> _Problem details_: Copy, word for word, the lines of the entries below between the one with "Работой каких госорганов" and the one with "Digital Transformation in", inclusive, and leave out everything else.

====== Data under study ======

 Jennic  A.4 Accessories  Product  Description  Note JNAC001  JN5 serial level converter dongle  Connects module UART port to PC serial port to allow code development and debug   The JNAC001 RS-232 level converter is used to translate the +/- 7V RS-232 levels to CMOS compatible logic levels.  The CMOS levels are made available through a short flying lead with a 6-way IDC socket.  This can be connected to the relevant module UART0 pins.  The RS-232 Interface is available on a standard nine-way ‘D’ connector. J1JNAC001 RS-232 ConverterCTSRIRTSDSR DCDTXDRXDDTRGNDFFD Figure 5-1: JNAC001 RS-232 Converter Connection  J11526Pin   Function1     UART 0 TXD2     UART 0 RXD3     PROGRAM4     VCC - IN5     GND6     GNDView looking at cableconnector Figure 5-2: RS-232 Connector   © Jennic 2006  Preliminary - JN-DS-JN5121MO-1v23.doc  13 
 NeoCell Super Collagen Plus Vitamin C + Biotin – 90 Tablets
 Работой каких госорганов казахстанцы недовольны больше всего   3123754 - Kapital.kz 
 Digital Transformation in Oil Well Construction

======
====== Data under study ======

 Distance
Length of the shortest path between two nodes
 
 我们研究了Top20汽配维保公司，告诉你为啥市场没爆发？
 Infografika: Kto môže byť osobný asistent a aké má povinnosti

======

> _Exercise answer_:
 Работой каких госорганов казахстанцы недовольны больше всего   3123754 - Kapital.kz 
 Digital Transformation in Oil Well Construction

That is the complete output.